The Boba Fett one...you will be mine.

TK421...why are you not at your post?

EB15: Bell Goes to the Dark Side with Limited Edition Star Wars Collection


----------



## Harold (Dec 23, 2003)

Hmmm, I wonder if Bell would let me order a Storm Trooper chinbar only, since it would work with my white Super 2 as-is.


----------



## Klurejr (Oct 13, 2006)

Awesome!


----------



## cyclelicious (Oct 7, 2008)

Cool graphics! Awesome design


----------



## domoMKIV (Feb 29, 2012)

Yes please!


----------



## 411898 (Nov 5, 2008)

Why not just wear a Storm Trooper helmet for cycling??? Heck, it provides full coverage, not to mention the shaded blast shield lenses.


----------



## Kiwiplague (Jul 22, 2011)

Hawg said:


> Why not just wear a Storm Trooper helmet for cycling??? Heck, it provides full coverage, not to mention the shaded blast shield lenses.


Yeah, but have you seen how disaster prone the average Storm Trooper is?? You'd just be asking for trouble wearing one of those things!


----------



## RS VR6 (Mar 29, 2007)

Luke mentioned that it was difficult to see out of the Stormtrooper helmet.


----------



## goneFXcrazy (Sep 6, 2015)

RS VR6 said:


> Luke mentioned that it was difficult to see out of the Stormtrooper helmet.


Explains why they could never hit anything.

On another note, I really want one of these now.


----------



## Rocky Mtn (Jan 19, 2014)

These are not the helmets you are looking for


----------



## Kiwiplague (Jul 22, 2011)

Rocky Mtn said:


> These are not the helmets you are looking for


These aren't the helmets I'm looking for


----------



## DudeDowne (Jun 18, 2012)

*My DIY Bobba Fett*

Hey all,

Saw the Bobba Fett helmet and decided to give my "boring" White and Black Super 2 an upgrade.
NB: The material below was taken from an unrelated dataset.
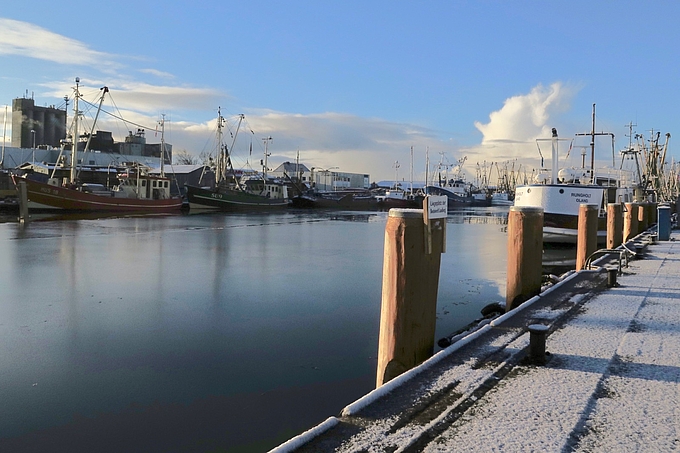 Büsumer Hafen mit dünnem Schnee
Plasti Dip plus some Etsy decals. Kinda an homage to the Bell version with a twist. I had to add a little splash of FloGlo orange and green.


----------



## beer_coffee_water (Mar 1, 2011)

That turned out really nice. Did you clear coat it so it doesn't rub off as easy?


----------



## DudeDowne (Jun 18, 2012)

beer_coffee_water said:


> That turned out really nice. Did you clear coat it so it doesn't rub off as easy?


Thanks! No...I kinda wanted the option to peel it off. I was considering this but it is pricy for just my helmet.
https://www.dipyourcar.com/Dip-Coat/

Anyway it has been fairly durable and Bobba Fett had a well worn helmet anyway.


----------



## fishwrinkle (Jul 11, 2012)

too bad you can't buy them, at least on bell site


----------